Endives don't come easy
By Richard Bammer
Posted: 09/23/2009
The endive (pronounced "Ohn-deeve") is the offspring of chicory, a lettuce-like plant (Chichorium intybus) of the composite family (radicchio, escarole, daisy, thistle, artichoke and chrysanthemum); it is somewhat bitter and its curled, narrow leaves are cooked or blanched and used for salads and appetizers. It never needs to be washed.
The somewhat bitter vegetable was discovered accidentally in the winter of 1830 in Belgium. A farmer forgot about some chicory roots he had in a cool, dark cellar. He intended to use them as a coffee substitute. However, by early spring of the next year, he noticed carrot-shaped roots had sprouted small, tapered buds at the top. Endives became a popular food in Belgium, Holland and northern France.
At California Vegetable Specialties in Rio Vista, the only place in the United States where endives are grown, production begins in the spring. Seeds are sown at a couple of farms, one in the Central Valley, the other in southern Oregon.
When fall and winter come, mechanized harvesting machines top the plants and dig up the roots.

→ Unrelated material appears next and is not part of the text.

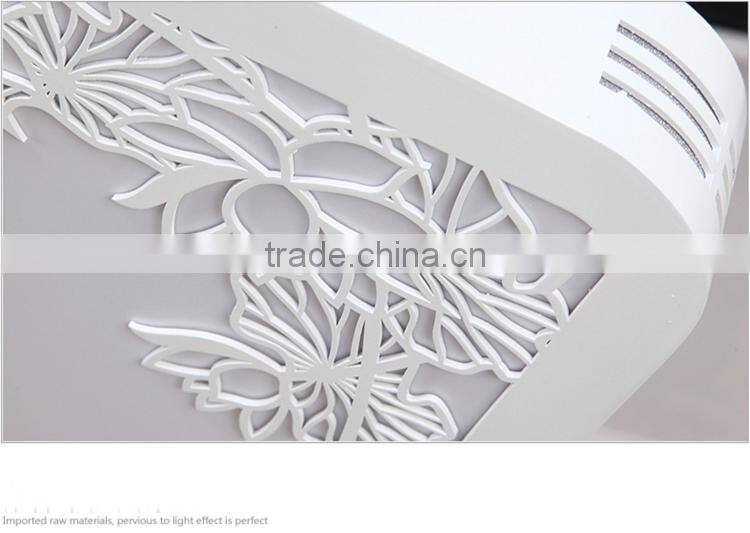 Wooden Modern LED Ceiling Lights 32W Living-room Suede Ceiling Lamps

They are trucked to CVS, where they are packed tightly upright in 3-by-4-foot wooden trays and placed in temperature-controlled cold storage, dark and humid rooms, fertilized daily and grown hydroponically, that is, without soil. After a few weeks in the "forcing rooms," roots sprout. The small, bullet-shaped head grows atop the root.
The so-called California Pearl variety is a creamy yellow-white, the result of its growing in complete darkness. The company also grows two red endives. Belles Rouges is a cross with Treviso, a red chicory, and white endive. Endigia is a deep red variety, a cross between white endive and chioggia chicories from northwestern Italy.
Company president Richard Collins grows the Belgian variety at CVS.